Open Language Data Initiative

The contents of this card can be edited in the source repository.

Dataset card

Description

FLORES+ dev set in Wu Chinese

License

CC-BY-SA-4.0

Attribution

@inproceedings{wmt24-wu,
    title="Machine Translation Evaluation Benchmark for {Wu}",
    author="Hongjian Yu and Yiming Shi and Zherui Zhou and Christopher Haberland",
    booktitle = "Proceedings of the Ninth Conference on Machine Translation",
    month = nov,
    year = "2024",
    address = "Miami, USA",
    publisher = "Association for Computational Linguistics"
}

Language codes

Additional language information

The target Wu variety is the Chongming dialect. The Chongming dialect (or more broadly the Shadi dialect) is a Wu dialect within the Su-Hu-Jia fraction, spoken in Chongming, Haimen and Qidong districts as well as in some areas of Zhangjiagang. Although Chongming belongs to the Manucipality of Shanghai, the dialect is distinctive from the urban variety on many aspects and is known for preserving many rare characteristics of Middle Chinese. Aside from the Shanghai dialect, the Chongming dialect is also similar to other Su-Hu-Jia dialects such as the Suzhou dialect.

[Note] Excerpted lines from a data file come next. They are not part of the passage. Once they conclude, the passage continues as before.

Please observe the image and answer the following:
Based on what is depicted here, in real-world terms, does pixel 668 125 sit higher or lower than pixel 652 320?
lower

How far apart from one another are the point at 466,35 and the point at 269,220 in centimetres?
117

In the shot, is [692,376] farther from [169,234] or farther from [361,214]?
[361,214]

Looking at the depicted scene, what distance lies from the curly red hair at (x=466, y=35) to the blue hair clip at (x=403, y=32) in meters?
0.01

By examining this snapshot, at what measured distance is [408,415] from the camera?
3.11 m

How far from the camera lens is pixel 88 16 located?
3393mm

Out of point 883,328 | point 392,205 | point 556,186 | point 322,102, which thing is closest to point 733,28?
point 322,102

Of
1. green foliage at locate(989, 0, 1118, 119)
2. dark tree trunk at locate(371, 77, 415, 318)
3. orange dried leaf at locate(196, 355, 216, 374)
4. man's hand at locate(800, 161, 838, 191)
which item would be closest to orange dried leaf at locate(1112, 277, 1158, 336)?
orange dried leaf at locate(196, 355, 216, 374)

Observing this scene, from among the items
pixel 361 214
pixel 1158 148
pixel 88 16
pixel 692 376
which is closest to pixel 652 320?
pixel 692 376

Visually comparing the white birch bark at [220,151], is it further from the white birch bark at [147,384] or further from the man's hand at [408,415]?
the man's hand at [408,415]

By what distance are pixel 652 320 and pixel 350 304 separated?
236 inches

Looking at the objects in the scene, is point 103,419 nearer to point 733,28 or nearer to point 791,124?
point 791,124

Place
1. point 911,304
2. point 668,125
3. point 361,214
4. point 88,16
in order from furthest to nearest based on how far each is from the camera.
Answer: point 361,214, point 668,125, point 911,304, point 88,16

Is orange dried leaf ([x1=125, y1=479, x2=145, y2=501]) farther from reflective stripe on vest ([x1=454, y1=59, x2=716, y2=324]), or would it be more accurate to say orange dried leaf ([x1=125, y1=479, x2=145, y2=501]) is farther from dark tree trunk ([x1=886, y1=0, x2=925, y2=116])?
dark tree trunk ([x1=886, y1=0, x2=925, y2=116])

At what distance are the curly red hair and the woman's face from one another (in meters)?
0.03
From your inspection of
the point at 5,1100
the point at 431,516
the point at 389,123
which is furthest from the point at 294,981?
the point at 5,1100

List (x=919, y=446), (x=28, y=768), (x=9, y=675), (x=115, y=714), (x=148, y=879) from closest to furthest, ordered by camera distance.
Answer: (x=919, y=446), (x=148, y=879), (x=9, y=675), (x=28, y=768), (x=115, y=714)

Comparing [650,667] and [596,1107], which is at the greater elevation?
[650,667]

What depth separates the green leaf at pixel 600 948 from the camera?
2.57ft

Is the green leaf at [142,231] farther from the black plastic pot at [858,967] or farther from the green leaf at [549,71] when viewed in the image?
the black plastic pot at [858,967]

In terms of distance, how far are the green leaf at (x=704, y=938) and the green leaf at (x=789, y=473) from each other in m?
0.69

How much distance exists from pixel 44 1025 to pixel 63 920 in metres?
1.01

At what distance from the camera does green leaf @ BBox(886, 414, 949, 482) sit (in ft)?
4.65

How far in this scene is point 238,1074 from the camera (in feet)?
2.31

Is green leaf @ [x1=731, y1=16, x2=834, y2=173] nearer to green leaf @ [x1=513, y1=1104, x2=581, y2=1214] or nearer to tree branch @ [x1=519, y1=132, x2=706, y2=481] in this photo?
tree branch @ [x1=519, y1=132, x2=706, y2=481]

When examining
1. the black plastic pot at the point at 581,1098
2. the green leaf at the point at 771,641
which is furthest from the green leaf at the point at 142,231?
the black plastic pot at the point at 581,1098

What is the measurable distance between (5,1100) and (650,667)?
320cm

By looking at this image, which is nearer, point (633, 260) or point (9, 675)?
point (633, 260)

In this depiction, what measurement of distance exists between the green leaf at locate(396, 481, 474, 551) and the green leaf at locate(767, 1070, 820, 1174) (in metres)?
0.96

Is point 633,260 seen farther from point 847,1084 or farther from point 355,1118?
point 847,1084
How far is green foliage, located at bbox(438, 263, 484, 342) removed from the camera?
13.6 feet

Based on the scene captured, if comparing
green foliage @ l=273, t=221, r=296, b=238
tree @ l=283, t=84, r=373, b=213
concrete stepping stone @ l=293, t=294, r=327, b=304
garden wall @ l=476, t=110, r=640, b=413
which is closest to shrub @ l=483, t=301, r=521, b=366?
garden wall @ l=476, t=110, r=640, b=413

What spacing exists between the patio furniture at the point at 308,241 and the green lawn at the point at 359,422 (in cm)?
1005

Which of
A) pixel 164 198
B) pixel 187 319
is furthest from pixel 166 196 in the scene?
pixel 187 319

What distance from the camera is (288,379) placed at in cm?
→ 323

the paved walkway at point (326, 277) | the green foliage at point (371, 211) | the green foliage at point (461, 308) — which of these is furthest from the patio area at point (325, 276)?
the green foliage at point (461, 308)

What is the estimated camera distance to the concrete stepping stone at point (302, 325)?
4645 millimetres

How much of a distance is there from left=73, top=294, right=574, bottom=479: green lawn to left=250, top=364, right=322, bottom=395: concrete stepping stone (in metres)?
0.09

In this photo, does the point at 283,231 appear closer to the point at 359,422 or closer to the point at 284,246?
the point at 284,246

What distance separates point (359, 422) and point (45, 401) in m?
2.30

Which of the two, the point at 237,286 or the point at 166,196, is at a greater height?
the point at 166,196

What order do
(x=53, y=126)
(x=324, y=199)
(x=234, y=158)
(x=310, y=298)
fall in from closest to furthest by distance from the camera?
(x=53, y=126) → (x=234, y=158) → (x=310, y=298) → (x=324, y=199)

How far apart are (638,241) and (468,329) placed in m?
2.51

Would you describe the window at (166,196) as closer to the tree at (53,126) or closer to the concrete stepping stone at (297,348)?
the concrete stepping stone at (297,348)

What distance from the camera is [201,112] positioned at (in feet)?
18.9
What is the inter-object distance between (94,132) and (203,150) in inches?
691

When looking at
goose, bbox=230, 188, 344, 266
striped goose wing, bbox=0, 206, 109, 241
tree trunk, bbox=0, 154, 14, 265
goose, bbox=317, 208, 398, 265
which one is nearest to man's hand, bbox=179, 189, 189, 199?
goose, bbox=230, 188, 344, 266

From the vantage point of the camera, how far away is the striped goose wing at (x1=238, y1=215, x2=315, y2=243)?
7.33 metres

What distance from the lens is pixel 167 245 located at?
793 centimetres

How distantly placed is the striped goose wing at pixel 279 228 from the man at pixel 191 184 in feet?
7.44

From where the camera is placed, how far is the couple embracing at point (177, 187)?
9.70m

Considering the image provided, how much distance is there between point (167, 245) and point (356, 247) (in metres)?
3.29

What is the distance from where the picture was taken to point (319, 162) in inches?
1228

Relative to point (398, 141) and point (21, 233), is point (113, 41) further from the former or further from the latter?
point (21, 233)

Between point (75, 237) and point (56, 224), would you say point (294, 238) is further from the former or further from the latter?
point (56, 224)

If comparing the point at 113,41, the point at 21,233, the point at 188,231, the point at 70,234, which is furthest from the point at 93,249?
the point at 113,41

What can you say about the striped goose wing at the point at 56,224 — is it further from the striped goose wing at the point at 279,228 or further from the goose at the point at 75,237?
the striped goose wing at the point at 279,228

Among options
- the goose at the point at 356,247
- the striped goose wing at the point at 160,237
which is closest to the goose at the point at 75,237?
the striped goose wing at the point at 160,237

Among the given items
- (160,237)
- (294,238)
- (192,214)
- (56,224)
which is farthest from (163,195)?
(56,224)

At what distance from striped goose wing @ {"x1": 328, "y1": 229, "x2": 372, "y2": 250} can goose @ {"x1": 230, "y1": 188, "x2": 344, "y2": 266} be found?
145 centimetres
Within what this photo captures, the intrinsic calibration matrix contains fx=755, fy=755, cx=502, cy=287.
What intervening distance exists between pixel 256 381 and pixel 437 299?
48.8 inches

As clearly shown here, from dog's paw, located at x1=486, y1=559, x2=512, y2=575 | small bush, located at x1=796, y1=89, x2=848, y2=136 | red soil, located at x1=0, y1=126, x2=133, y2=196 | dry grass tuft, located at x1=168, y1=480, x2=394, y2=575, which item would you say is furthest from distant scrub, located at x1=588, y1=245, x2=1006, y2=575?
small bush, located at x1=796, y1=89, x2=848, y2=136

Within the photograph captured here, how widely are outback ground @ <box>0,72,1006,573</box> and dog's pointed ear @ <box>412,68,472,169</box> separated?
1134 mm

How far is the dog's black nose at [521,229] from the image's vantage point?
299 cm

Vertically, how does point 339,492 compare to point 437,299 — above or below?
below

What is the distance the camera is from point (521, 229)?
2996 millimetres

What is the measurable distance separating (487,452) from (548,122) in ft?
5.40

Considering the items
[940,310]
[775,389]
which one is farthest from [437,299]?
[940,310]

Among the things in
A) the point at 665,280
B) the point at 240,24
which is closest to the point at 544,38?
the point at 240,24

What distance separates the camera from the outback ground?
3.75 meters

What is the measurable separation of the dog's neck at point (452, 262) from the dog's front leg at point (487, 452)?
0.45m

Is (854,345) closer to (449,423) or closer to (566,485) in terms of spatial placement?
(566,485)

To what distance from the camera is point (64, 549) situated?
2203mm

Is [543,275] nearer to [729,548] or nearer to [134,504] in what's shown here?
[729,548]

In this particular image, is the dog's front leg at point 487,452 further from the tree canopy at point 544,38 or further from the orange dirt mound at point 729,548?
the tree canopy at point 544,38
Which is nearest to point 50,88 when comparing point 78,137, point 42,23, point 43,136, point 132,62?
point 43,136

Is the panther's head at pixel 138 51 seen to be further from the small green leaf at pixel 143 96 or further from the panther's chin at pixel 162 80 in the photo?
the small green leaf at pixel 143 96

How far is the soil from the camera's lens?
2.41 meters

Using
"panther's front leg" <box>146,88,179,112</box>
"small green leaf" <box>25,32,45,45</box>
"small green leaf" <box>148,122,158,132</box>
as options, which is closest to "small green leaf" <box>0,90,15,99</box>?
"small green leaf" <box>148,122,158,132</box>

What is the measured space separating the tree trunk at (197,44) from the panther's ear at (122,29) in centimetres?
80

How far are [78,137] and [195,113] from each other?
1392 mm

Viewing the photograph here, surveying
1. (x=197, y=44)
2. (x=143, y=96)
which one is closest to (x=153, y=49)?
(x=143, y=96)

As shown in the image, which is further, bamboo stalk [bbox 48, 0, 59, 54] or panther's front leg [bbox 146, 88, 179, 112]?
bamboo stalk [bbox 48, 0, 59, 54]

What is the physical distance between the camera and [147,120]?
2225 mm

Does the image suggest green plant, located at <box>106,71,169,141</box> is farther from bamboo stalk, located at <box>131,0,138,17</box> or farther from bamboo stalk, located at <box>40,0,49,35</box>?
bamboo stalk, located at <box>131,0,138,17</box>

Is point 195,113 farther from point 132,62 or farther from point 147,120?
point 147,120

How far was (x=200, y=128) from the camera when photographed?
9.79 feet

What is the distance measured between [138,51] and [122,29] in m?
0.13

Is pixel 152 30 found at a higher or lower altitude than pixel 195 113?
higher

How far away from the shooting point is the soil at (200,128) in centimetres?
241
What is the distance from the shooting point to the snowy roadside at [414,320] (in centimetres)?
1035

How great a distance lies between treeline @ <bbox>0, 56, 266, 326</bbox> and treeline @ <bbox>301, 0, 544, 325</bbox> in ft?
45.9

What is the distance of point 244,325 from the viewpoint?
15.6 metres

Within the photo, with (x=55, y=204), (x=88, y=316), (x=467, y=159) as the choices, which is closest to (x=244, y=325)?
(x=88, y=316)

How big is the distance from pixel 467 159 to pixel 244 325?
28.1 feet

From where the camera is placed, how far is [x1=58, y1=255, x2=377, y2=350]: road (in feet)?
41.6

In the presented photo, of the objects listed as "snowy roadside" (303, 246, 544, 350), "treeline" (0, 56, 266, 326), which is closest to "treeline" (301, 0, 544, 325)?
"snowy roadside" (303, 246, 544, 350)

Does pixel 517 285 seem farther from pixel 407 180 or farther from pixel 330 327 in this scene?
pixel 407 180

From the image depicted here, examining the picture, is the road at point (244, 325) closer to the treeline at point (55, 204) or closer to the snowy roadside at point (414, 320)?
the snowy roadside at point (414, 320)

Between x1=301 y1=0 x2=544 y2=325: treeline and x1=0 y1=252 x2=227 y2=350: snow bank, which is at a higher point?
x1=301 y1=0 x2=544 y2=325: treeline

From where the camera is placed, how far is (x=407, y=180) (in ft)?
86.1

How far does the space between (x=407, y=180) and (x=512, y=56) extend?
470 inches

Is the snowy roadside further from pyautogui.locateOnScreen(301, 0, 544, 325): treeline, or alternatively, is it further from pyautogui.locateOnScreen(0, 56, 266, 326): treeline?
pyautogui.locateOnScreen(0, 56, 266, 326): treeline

A list of language reference goes here:

Workflow

The FLORES+ Wu dataset is directly translated from English into Wu Chinese. Data were equally distributed and translated by 2 translators, both native speakers of the Chongming dialect, and have earned or are pursuing a university degree in English. Both translators grew up in Chongming; one went to Putuo, Shanghai for high school and college, and the other went to Fengxian, Shanghai for college. They mainly speak Wu at home but also to peers on occasion. They are in touch with the Shanghai urban dialect as well as other local varieties. All translated data were checked by another independent Wu speaker.

Additional guidelines

The translators mainly used 简明吴方言词典 and then 上海话大词典 if they were unable to recall the orthogonal Hanzi that represent the utterances. Both dictionaries are based on the Shanghainese dialect. When the two dictionaries diverged in orthographies, 简明吴方言词典 was put in priority. When there was phonetic distinctions between the Chongming and Shanghai dialect and the original character was indeterminable, we made sure that the selected Hanzi has aligned pronunciation.